The arabian horse, why it's 'difficult' and why the exception proves the rule
A lot is said and written about horses for which it is difficult to find a correctly fitting saddle. In actuality only a very few horses pose a real problem for the experienced saddle fitter. (That is also assuming the fitter has a large and comprehensive stock of saddles from which to make his choices).
The exception, so we are told, proves the rule. Certainly the Arabian horse and those with a considerable percentage of Arabian blood can pose saddle fitting problems that demand very careful consideration and attention
Owners of Arabians, Anglos and Crossbred horses and ponies will not like to hear that the saddle fitter's heart is likely to lurch, even sink, when he receives any enquiry to fit a saddle. A friend of mine who has schooled horses up to any including international level admits to the same reaction. Why?

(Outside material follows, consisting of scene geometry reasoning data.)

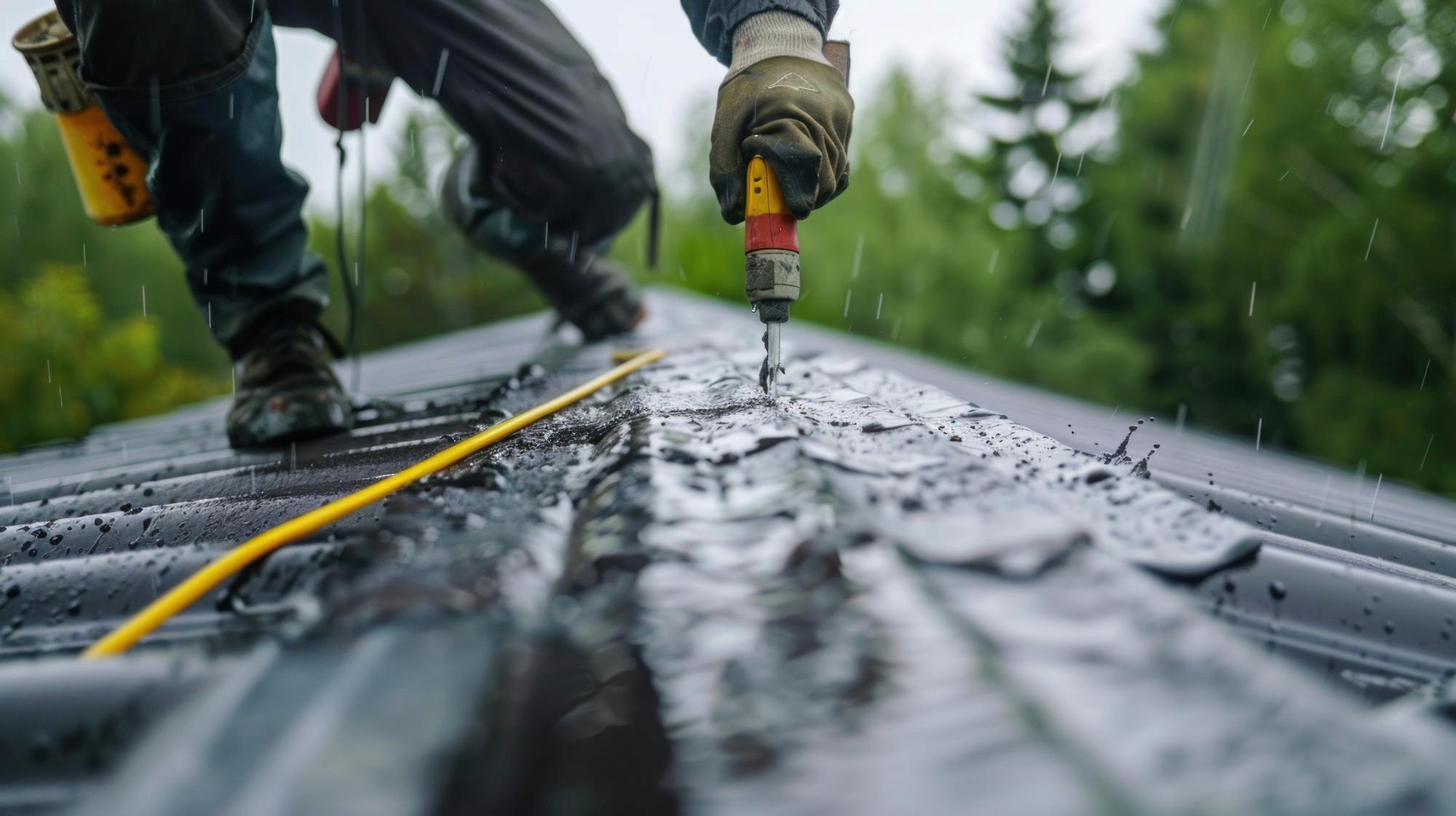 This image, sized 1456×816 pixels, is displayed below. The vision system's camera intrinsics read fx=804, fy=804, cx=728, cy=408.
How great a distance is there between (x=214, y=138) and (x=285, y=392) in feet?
1.91

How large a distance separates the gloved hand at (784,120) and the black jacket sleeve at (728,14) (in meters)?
0.02

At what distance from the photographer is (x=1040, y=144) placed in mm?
20406

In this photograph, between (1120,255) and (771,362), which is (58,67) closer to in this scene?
(771,362)

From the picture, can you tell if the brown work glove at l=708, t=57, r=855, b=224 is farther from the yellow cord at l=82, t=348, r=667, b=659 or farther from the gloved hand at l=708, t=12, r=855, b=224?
the yellow cord at l=82, t=348, r=667, b=659

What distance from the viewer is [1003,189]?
67.8ft

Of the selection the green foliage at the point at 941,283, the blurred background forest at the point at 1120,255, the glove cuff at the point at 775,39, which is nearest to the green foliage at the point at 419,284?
the blurred background forest at the point at 1120,255

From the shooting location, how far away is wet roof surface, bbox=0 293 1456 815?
54 cm

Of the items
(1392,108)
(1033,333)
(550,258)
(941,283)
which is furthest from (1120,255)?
(550,258)

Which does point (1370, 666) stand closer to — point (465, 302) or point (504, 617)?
point (504, 617)

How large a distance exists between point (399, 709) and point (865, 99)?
83.7ft

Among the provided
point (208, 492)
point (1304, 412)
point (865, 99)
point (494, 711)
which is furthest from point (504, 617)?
point (865, 99)

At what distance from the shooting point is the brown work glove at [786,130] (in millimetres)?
1393

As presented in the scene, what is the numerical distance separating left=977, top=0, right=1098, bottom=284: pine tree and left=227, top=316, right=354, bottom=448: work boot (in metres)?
19.4

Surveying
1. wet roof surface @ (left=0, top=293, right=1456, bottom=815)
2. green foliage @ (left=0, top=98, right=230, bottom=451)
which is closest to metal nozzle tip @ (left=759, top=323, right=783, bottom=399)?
wet roof surface @ (left=0, top=293, right=1456, bottom=815) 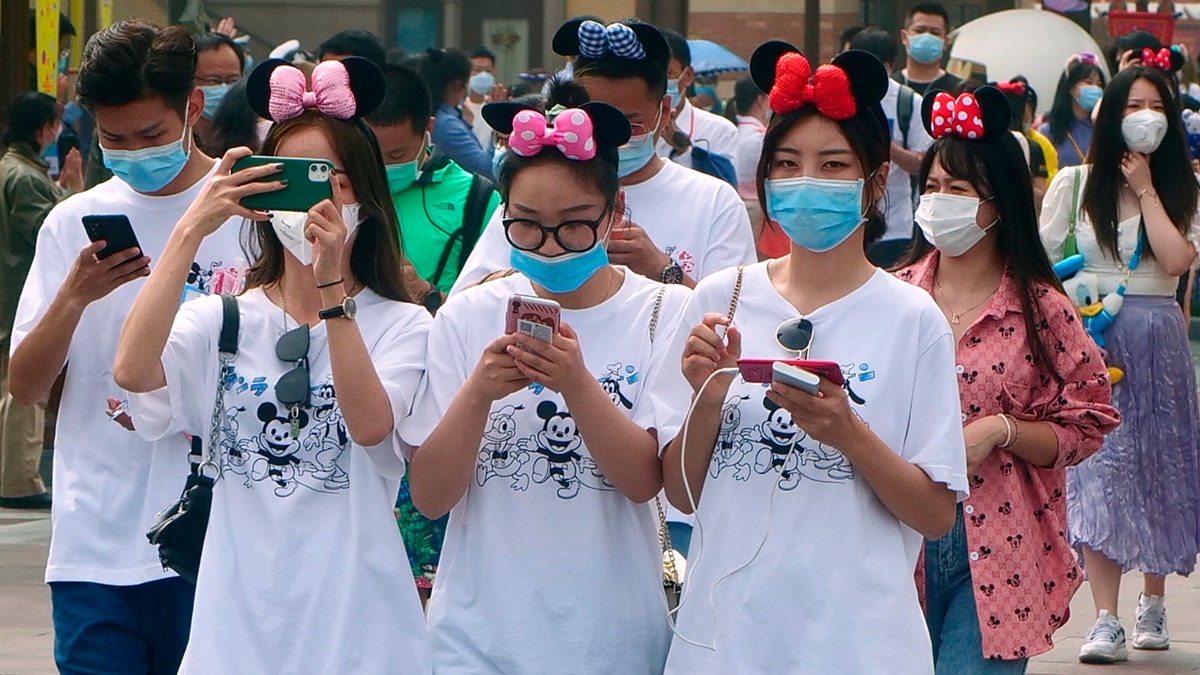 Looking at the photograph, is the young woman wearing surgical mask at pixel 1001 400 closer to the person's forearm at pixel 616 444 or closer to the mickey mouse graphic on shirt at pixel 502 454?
the person's forearm at pixel 616 444

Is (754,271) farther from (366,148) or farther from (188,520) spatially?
(188,520)

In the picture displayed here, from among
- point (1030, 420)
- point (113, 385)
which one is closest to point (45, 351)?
point (113, 385)

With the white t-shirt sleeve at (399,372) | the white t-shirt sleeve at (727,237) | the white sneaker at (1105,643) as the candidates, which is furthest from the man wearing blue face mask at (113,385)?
the white sneaker at (1105,643)

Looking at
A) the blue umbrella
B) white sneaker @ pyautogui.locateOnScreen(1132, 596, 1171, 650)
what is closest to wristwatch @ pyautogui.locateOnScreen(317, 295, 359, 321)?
white sneaker @ pyautogui.locateOnScreen(1132, 596, 1171, 650)

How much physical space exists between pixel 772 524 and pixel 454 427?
24.9 inches

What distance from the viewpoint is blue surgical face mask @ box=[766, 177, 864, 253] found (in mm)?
3662

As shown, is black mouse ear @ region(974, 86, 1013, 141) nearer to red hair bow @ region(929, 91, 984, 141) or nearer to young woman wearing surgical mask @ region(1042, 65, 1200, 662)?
red hair bow @ region(929, 91, 984, 141)

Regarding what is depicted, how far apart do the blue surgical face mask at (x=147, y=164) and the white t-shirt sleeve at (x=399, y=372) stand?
1007 millimetres

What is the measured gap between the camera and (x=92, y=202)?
15.4 feet

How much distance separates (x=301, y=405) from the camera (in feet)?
12.4

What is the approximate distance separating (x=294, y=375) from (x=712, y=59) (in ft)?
55.8

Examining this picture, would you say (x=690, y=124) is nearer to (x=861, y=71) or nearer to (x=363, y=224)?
(x=363, y=224)

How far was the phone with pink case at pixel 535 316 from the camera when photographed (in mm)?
3518

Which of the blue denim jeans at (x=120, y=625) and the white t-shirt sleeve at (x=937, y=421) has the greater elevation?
the white t-shirt sleeve at (x=937, y=421)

Very few knowledgeable riders will deny that the Arabian is 'different'. It is some of these differences that can be the causal factor of problems for the saddle fitter. The elegance and beauty of the Arabian horse is admired and appreciated by riders as well as many, many people who don't know one end of a horse from another but who can enjoy something that is almost ethereal. Unfortunately the Arabian tends to combine beauty and intelligence in more-or-less equal proportions and his thinking processes can be considerably quicker than those of the more novice rider. Certainly, the Arabian's ability to weigh up a situation and to consider his options are far more developed than in other breeds. This may well be the reason why horses with Arabian blood are often deemed 'nappy' or 'difficult' or 'puzzling'. It probably accounts, too, for their relative dislike of cross country jumping, something in which they rarely excel at reasonable levels because they are all too aware of the dangers involved!
I travel the world fitting saddles and undertaking remedial work in consultation with vets, physiotherapists and other professionals concerned with the horse's back. Without any doubt I see more horses with Arabian blood suffering from sore backs than with all the other breeds put together, the 'soreness' may vary from slight sensitivity to considerable damage - sadly sometimes even involving open wounds. Almost every case demands a period of recuperation during which the horse's exercise must be limited to lunging and/or loose schooling.
One of the reasons that many horses with Arabian blood are asymmetrical relates to the riders' inability to keep them straight. Absolutely no horse is totally straight and thus totally symmetrical - the same for their riders - but many Arabian horses have a tendency to 'curl' in one direction. The less experienced rider finds it difficult to ride them forward to a consistent and level contact and so help to straighten them out.
Occasionally, dare I say it, riders will deliberately spend more time schooling on the horse's 'favourite rein' thus exacerbating the condition.
Much time and considerable resources have been spent in researching, designing and developing saddles for horses of Arabian blood. Some very good saddles have evolved; others are not very good at all. Some of these 'specialist' saddles are rather more expensive than their counterparts but the additional layout can sometimes prove worthwhile in terms of horse/rider comfort. Differences in shape of the tree, panel and flap can provide a better fitting saddle to the benefit of many Arabian horses.
I would not wish to be viewed as a prophet of doom as far as horses of Arabian blood are concerned! I would, however, like to emphasise the need to have a saddle for an Arabian horse very, very carefully fitted. I would also strongly recommend the horse owner elects to use the services of a saddle fitter who is qualified and registered with the Society of Master Saddlers.